ThinkingLinking—the cross-border M&A firm active in cosmetic ingredient market deals—explains the thinking behind all of the linking that it has disclosed. Their M&A study delves into the motivations of buyers behind the 50 deals worth over €2 billion over the last 5 years, on which BeautyMatter reported in Part 1: Cosmetic Ingredient Market Consolidation – The Changing Map and Menu.
The firm’s “Alchemists Go Shopping” report look at the motivations behind the buyers and sellers involved in the 50 deals.
The investors fall into three main groups: financial investors, “core” buyers from the cosmetic ingredients sector, and horizontal moves such as by food, beverages, or pharmaceuticals ingredients producers entering cosmetic ingredients for the first time. If such businesses already had a small involvement in cosmetic ingredients, they are not considered horizontal moves but core buyers. The core group are by far the most active.
They are consolidating and rationalizing a sector that was historically limited by ingredient and geography.
Consolidation is a big word, but it doesn’t explain why, and while rationalization sounds progressive, it doesn’t explain how. What are the detailed motivations?
“Information from buyers about their real motives is rarely useful. Sometimes they say nothing, sometimes just a single line, and sometimes what they say is distorted for stock market or target company employee consumption.”
ThinkingLinking therefore produced a summary of its own sectors’ experiences without disclosing names as a round-up of the prevalent motives it has detected.
The motives and indeed prioritization of motives vary from deal to deal, but the checklist can be split between the three main buyer groups.
Some private equity firms are buying in the hope of consolidating cosmetic ingredients businesses through further acquisitions in the sector while others enter cosmetics ingredients as the first step to horizontal deals such as food and beverages ingredients.

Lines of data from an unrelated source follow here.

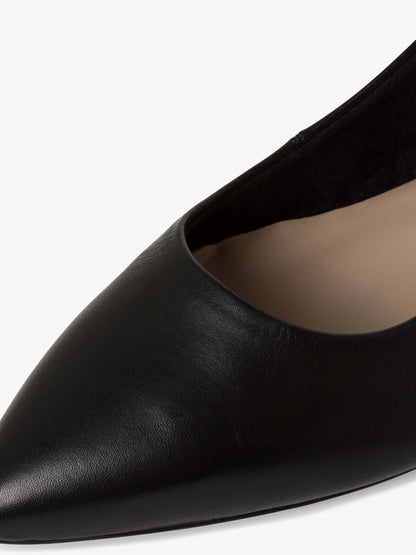BLACK LEATHER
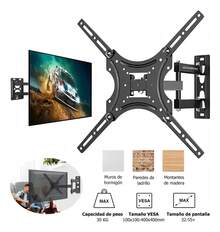 X-400 TV Mount For 32-55 Inch Screens With High Compatibility And Structural Stability In Cold-Rolled Steel - Black - View 8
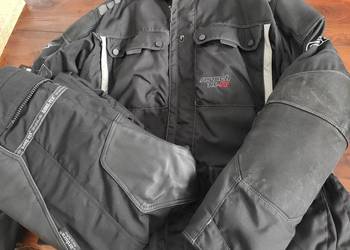 Kurtka i spodnie motocyklowe męskie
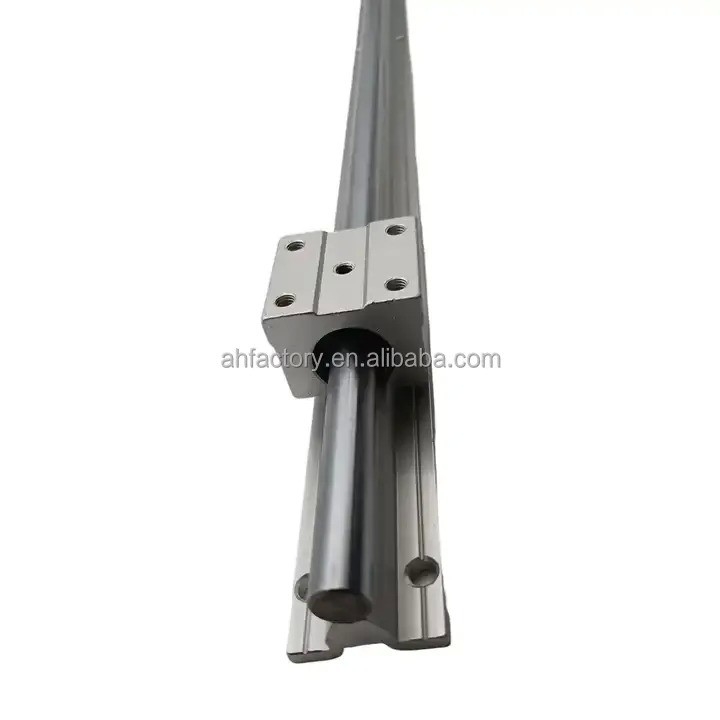 CNC アルミ 丸型線形ガイドレール SBR12と線形スライドブロック SBR30UU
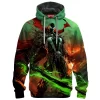 Hell’s Avenger Fleece Hoodie, Spawn and the Blade of Eternal Fire Fleece Hoodie, Comics Fleece Hoodie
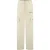 Malelions Women Straight Leg Cargo Pants | Beige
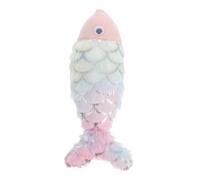 Yardwe Juguete Realista Interactivo para Jugar En Interiores con Peluche Esponjoso para La Dentición De Gatitos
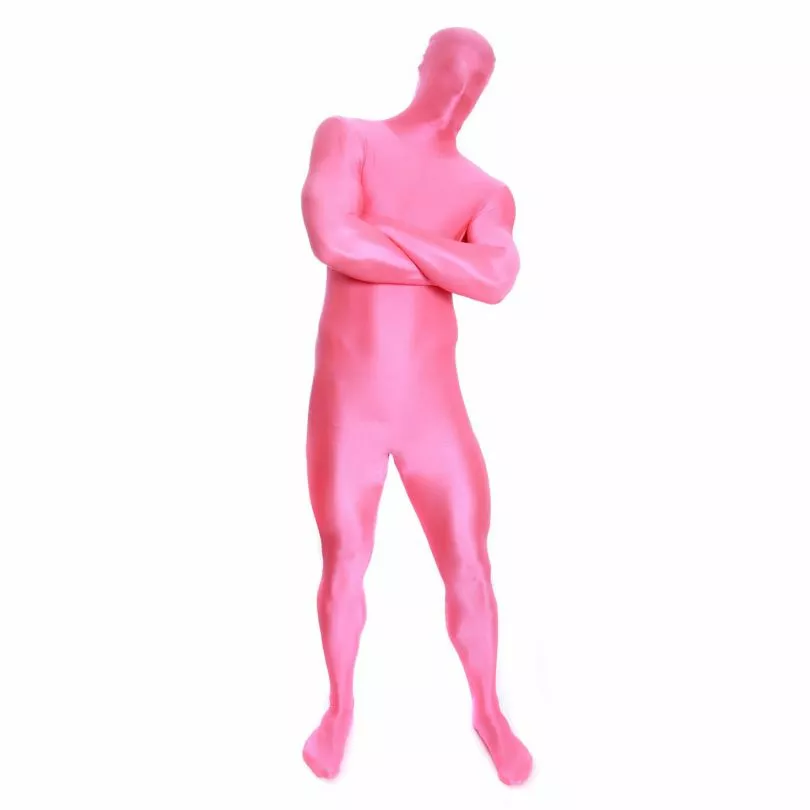 Disfraz De Morphsuit Rosa 3 Disfraz De Morphsuit Rosa
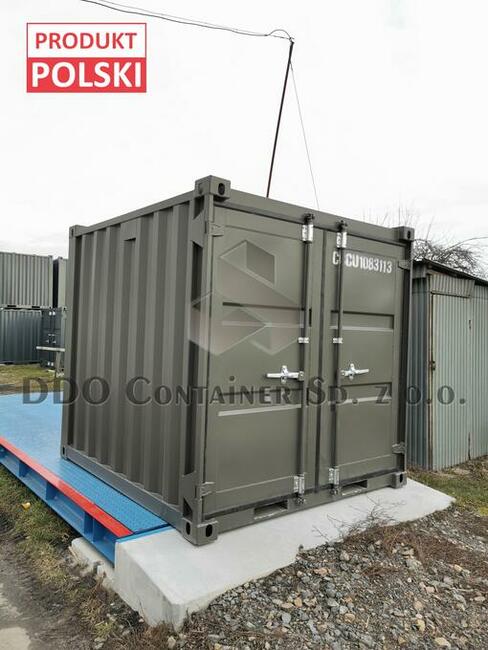 Magazynowy kontener 8 stopowy
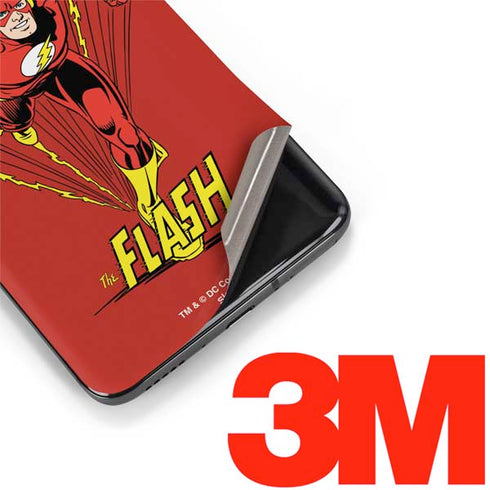 DC Comics The Flash Classic Action Pose Art OnePlus 7 Pro Skin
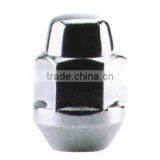 1/2" Thread Chrome Lug Nuts | Bulge Acorn 13/16" Head 1.4" Tall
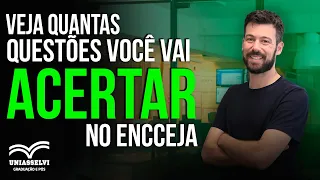 VEJA QUANTAS QUESTÕES VOCÊ VAI ACERTAR NO ENCCEJA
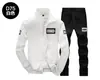 Traje Deportivo para Hombre Cárdigan 2026 Chaqueta de Nuevo Estilo Pantalones Casuales con Flecha Sudadera Pantalones Largos Conjunto de Dos Piezas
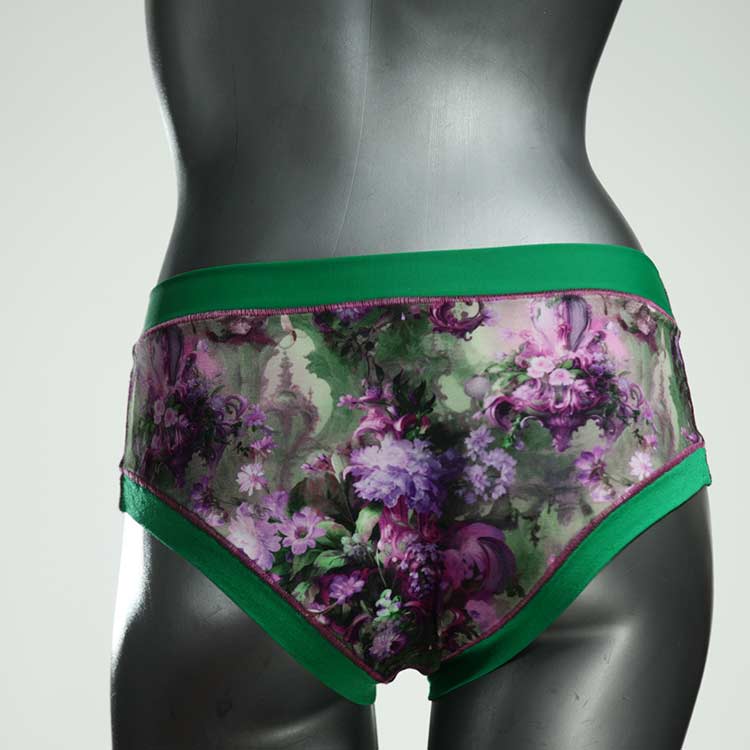 handgemachte bequeme sexy nachhaltige Panty aus Baumwolle, Unterwäsche für Damen thumbnail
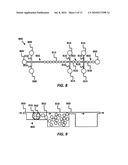 Hand-held microfluidic testing device diagram and image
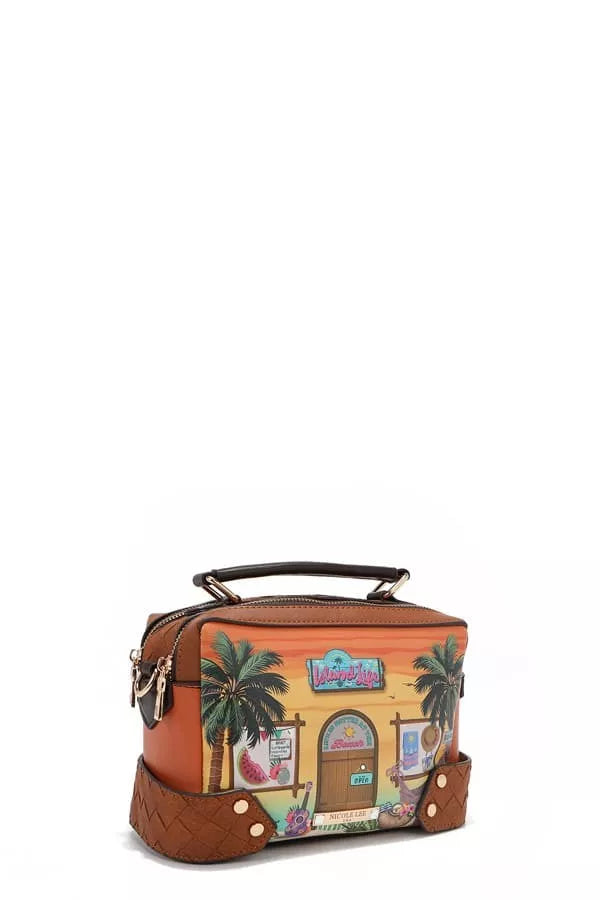 Nicole Lee USA Sun and Sand 3 Piece Bag Set - URBANPICK FASHION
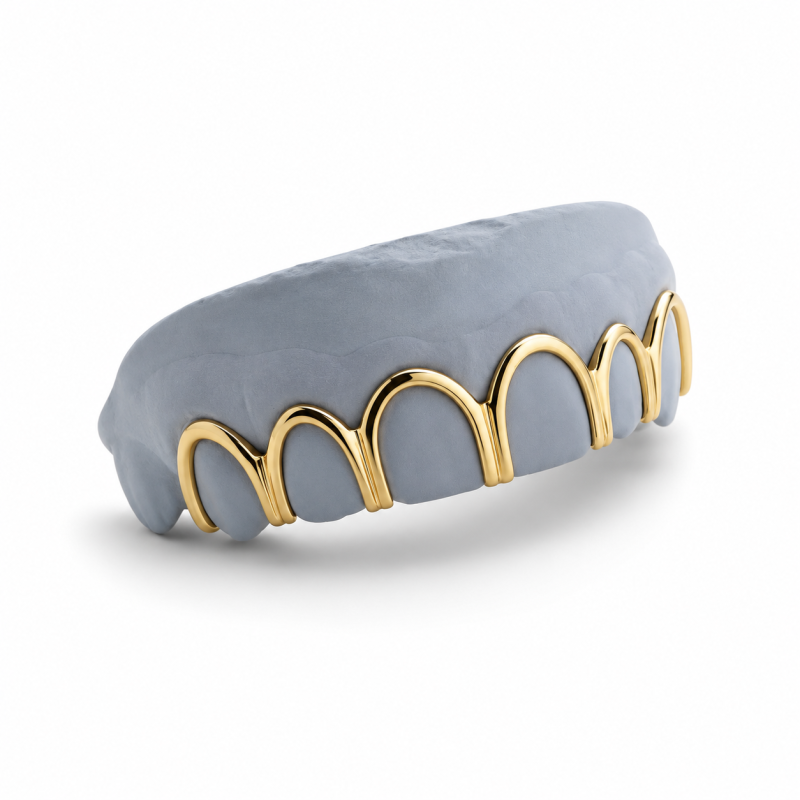 6 Teeth Frame Grillz Z359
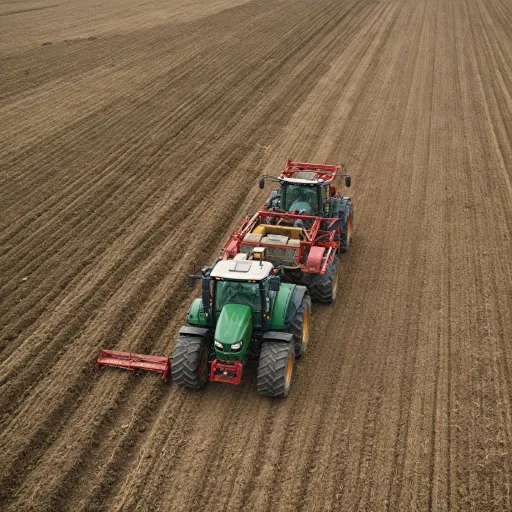 Barres de guidage agricoles : optimiser le guidage GPS et la précision au champ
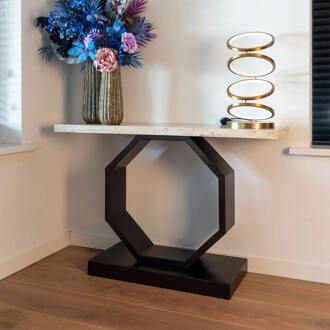 Richmond Interiors Richmond Sidetable 'Avalon' Travertin, 130cm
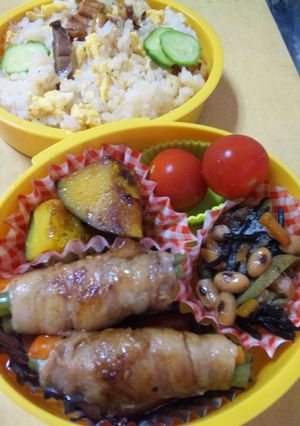 豚肉の野菜巻き-レシピのメイン写真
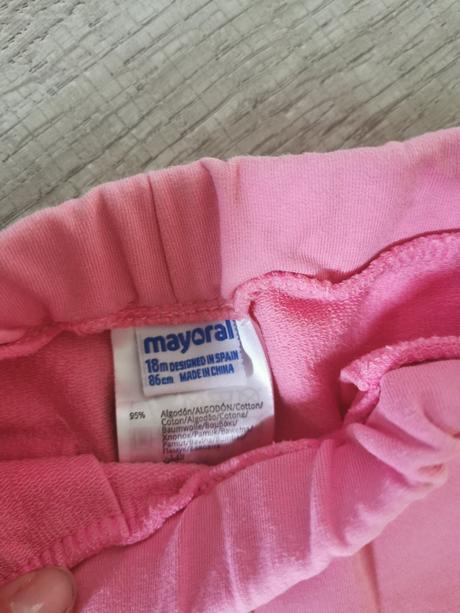 Krasna teplakova suprava mayoral, mayoral,86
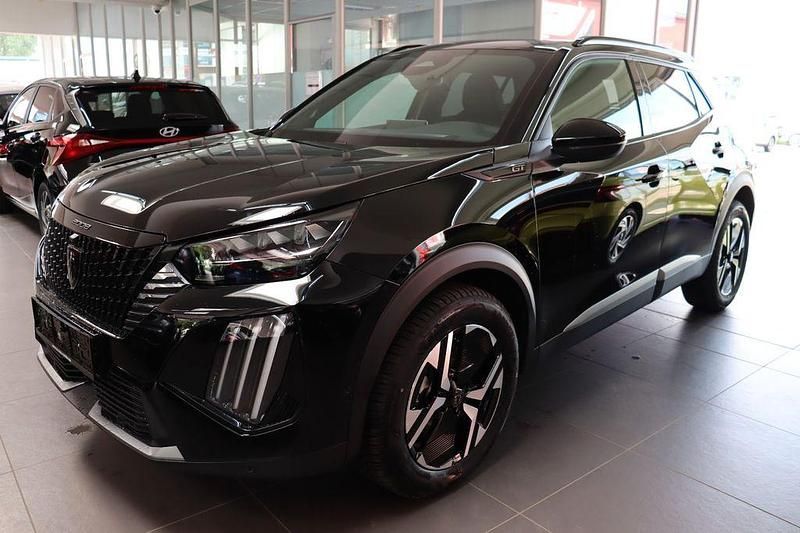 Schwarz Neu 2025 Peugeot 2008 GT SUV | 28.380 € - Bild 1/4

This doesn’t mean they find it easy to make follow-on deals. If the pricing isn’t right they get stuck with the single deal and try to grow organically till a buyer comes along.
Sellers’ Point of View:
Competitive environment: Many of the same reasons encouraging core acquirers to act are pressuring sellers to give up their businesses if they are not willing or able to expand themselves. Even if they remain highly profitable, by “standing still” they won’t see the growth they’ve enjoyed in past years.
Change of focus: a shift in focus by larger players can result in a cosmetic ingredients spin-off. “Companies are facing a fast-changing world. M&A deals also change the competitive landscape so you can’t rest on your laurels. Regulatory hurdles have to be surmounted when you enter new markets. Technology is more and more critical for quality and innovation, while shrinking markets need to be compensated by moving into emerging markets,” Mark Dixon, the firm’s Chief Thinking Officer, said. “Our selling clients often see challenge where buyers see opportunity in everything from emerging market demographics to what we call the ‘track-and-trace-field-to-face’ trend.”
The evolution of science is changing the definition of the sector with implications for M&A.
Bo Ma, ThinkingLinking’s Senior Linker for Life Sciences added, “As the cosmetic ingredients and life sciences/biotech sectors evolve, they are starting to rub shoulders and overlap in terms of science, regulation and consumer perception. We are therefore deploying inter-sector M&A as much as cross-border M&A to exploit synergies in R&D, regulation and product category switches as well as valuation arbitrage imbalances for buyer or seller.”